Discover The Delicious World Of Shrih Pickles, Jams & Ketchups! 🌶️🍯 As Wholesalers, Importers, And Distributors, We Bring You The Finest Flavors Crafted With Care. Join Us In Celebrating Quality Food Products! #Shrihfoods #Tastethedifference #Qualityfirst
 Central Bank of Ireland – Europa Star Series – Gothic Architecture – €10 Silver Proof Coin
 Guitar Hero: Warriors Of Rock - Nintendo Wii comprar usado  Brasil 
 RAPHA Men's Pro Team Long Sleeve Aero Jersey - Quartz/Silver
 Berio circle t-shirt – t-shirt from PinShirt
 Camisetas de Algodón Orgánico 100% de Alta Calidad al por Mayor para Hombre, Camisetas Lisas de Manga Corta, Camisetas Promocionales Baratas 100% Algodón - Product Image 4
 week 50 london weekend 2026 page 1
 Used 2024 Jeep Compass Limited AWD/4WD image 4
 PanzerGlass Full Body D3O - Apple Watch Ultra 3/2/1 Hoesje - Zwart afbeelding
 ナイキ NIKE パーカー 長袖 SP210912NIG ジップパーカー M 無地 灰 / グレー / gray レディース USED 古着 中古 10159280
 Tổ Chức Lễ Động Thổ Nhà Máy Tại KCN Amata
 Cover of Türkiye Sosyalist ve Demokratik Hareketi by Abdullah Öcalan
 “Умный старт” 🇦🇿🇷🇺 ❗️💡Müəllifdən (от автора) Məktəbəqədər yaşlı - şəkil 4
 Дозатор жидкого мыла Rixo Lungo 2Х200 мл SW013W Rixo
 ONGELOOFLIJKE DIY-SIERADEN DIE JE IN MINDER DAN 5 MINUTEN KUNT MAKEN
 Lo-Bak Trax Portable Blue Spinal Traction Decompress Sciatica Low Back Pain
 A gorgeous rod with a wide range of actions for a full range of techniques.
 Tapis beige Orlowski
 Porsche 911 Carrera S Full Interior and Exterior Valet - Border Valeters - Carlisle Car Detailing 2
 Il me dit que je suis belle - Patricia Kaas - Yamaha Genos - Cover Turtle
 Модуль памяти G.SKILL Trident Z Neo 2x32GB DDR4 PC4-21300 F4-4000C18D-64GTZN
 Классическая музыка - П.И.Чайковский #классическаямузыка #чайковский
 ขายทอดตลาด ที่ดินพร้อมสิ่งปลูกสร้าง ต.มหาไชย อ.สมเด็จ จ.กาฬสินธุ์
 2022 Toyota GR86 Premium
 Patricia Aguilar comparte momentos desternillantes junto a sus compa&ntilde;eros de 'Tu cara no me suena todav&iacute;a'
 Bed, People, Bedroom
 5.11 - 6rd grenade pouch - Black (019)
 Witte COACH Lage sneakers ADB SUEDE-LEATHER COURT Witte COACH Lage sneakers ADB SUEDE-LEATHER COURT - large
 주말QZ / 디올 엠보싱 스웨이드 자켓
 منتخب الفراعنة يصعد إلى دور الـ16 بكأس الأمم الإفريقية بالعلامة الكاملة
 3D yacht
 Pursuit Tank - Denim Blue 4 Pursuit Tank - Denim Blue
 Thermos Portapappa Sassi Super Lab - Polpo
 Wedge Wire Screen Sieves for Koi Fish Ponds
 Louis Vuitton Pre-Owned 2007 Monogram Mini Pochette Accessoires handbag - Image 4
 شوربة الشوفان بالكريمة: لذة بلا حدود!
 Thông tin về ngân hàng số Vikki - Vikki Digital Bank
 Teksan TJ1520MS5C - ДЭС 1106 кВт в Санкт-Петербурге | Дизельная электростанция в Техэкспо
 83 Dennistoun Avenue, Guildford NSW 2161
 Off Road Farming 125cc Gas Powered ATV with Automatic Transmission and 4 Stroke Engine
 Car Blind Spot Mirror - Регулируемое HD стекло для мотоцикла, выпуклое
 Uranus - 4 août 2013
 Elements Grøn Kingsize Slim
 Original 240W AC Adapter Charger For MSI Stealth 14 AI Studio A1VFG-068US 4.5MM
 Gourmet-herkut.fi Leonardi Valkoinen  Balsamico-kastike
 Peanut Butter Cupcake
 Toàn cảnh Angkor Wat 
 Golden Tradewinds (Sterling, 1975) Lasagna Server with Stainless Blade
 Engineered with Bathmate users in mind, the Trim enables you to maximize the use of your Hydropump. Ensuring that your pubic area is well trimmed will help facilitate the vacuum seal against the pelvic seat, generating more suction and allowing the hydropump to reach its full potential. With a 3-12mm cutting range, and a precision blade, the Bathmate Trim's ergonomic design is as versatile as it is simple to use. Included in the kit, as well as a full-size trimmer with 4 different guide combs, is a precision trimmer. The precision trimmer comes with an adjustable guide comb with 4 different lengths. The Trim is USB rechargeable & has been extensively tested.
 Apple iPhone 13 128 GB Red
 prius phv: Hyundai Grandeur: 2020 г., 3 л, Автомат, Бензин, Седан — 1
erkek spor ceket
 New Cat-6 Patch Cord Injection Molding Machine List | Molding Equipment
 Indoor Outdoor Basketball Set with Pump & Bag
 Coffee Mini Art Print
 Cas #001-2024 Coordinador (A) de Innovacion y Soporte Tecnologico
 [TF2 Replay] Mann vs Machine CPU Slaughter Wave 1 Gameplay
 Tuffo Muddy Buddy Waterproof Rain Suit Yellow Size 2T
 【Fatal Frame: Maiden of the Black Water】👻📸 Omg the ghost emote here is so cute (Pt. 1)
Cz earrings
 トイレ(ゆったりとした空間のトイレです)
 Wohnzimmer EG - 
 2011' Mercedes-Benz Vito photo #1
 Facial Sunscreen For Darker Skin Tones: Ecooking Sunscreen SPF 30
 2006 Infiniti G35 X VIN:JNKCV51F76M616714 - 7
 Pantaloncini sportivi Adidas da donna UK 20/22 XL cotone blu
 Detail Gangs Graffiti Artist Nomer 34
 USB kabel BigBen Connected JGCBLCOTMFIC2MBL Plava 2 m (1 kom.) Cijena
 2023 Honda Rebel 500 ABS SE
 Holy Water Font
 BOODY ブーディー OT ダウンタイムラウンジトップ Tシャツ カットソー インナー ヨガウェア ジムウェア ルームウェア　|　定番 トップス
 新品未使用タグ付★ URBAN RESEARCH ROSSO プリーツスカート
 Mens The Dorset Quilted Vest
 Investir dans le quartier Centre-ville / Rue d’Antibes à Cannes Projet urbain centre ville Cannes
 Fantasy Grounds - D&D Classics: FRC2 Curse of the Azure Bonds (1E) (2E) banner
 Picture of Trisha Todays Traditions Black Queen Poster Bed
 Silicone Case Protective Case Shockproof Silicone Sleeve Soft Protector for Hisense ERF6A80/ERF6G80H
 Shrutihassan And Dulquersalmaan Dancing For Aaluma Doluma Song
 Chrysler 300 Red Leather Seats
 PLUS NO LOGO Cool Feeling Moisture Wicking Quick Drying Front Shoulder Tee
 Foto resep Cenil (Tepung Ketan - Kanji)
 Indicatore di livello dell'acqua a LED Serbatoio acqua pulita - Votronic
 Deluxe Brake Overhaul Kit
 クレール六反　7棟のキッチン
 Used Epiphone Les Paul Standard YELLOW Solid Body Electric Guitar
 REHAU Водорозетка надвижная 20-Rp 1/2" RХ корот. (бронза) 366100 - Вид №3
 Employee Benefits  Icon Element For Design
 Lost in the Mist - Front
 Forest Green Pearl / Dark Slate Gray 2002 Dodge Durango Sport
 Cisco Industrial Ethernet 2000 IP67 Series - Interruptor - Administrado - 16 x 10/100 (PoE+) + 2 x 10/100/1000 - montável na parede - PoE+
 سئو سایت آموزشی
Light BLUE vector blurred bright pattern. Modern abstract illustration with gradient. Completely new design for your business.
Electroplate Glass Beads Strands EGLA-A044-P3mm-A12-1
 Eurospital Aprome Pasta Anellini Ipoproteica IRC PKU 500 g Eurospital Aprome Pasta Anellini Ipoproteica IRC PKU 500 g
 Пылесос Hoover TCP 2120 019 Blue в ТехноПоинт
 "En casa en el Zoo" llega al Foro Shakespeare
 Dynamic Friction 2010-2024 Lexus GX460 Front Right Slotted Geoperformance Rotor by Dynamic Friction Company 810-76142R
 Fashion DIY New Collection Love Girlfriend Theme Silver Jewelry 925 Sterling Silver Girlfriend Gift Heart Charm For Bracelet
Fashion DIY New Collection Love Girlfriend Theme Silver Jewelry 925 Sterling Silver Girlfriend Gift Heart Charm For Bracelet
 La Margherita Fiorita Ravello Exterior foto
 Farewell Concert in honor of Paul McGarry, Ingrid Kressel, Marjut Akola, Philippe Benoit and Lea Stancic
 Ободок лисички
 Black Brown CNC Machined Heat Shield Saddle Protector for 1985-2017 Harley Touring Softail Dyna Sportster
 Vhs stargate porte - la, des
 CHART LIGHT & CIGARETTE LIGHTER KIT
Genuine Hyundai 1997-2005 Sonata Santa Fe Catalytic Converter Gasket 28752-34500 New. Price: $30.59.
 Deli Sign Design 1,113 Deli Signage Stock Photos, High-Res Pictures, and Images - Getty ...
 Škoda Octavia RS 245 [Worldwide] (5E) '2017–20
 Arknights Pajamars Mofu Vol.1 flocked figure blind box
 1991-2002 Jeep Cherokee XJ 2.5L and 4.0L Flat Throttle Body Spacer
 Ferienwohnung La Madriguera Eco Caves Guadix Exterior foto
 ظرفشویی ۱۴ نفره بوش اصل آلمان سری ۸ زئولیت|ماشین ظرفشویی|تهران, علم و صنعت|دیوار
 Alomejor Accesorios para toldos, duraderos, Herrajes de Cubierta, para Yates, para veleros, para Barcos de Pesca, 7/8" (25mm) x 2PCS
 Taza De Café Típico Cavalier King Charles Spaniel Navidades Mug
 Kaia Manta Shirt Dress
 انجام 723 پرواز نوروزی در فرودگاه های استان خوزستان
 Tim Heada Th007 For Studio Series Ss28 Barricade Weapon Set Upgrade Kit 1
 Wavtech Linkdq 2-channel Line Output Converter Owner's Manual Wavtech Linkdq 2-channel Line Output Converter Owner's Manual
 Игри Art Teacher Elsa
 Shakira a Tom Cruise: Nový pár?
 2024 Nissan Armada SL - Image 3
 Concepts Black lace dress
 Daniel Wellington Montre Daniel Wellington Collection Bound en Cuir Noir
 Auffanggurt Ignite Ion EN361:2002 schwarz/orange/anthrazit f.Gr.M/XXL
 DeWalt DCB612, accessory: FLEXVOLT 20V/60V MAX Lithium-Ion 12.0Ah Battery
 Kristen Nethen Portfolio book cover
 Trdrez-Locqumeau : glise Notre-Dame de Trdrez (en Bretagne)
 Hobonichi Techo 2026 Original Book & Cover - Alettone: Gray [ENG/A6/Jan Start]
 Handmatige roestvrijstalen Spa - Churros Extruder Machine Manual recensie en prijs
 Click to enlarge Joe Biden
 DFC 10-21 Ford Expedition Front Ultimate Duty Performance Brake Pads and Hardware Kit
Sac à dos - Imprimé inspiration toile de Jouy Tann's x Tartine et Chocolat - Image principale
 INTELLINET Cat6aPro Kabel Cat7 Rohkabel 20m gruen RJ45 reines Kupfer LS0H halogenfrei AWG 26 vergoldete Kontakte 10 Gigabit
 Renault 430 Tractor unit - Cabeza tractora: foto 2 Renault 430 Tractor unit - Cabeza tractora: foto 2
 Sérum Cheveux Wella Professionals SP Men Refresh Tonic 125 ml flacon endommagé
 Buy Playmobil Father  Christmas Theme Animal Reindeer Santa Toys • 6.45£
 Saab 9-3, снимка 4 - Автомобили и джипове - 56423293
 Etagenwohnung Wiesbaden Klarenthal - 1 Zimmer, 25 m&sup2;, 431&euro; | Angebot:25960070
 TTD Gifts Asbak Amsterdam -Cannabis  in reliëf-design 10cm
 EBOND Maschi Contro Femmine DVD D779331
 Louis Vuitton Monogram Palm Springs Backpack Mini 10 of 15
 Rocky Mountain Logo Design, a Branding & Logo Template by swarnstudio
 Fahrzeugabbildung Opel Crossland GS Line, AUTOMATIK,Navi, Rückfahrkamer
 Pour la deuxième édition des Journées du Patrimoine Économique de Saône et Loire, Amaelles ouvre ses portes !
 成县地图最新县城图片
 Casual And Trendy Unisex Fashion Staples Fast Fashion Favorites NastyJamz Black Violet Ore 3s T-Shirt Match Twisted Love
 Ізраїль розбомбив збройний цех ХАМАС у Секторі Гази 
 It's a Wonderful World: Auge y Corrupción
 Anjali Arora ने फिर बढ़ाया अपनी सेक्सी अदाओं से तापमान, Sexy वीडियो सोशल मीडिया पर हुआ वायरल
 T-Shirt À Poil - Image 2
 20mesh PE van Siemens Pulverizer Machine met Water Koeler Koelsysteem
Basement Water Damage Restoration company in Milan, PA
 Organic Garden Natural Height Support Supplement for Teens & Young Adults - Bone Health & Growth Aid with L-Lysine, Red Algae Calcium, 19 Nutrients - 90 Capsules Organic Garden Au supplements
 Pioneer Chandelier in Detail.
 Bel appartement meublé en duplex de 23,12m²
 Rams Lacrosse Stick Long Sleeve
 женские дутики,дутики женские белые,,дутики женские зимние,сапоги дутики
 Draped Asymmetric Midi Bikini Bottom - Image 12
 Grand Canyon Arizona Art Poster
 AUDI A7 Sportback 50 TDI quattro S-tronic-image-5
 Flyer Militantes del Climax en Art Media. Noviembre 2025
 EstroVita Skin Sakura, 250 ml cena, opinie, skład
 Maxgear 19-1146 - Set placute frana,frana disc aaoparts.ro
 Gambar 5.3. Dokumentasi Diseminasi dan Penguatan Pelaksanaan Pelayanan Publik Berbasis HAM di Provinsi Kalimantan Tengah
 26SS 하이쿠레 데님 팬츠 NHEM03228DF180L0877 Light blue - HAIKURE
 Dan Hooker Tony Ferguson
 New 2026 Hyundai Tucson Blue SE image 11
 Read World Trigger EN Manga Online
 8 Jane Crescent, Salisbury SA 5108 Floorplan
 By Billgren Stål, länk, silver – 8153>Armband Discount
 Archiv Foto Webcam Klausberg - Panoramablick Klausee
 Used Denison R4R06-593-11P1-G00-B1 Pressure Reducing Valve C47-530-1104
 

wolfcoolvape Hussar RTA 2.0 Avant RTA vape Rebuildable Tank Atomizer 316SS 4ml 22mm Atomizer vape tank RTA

> [ACTIVITY]
Only the lines from the one containing "Pantaloncini sportivi Adidas" through the one containing "BOODY ブーディー OT" are to be retyped, both boundary lines included, with no other material.

> [RESPONSE BOX]
 Pantaloncini sportivi Adidas da donna UK 20/22 XL cotone blu
 Detail Gangs Graffiti Artist Nomer 34
 USB kabel BigBen Connected JGCBLCOTMFIC2MBL Plava 2 m (1 kom.) Cijena
 2023 Honda Rebel 500 ABS SE
 Holy Water Font
 BOODY ブーディー OT ダウンタイムラウンジトップ Tシャツ カットソー インナー ヨガウェア ジムウェア ルームウェア　|　定番 トップス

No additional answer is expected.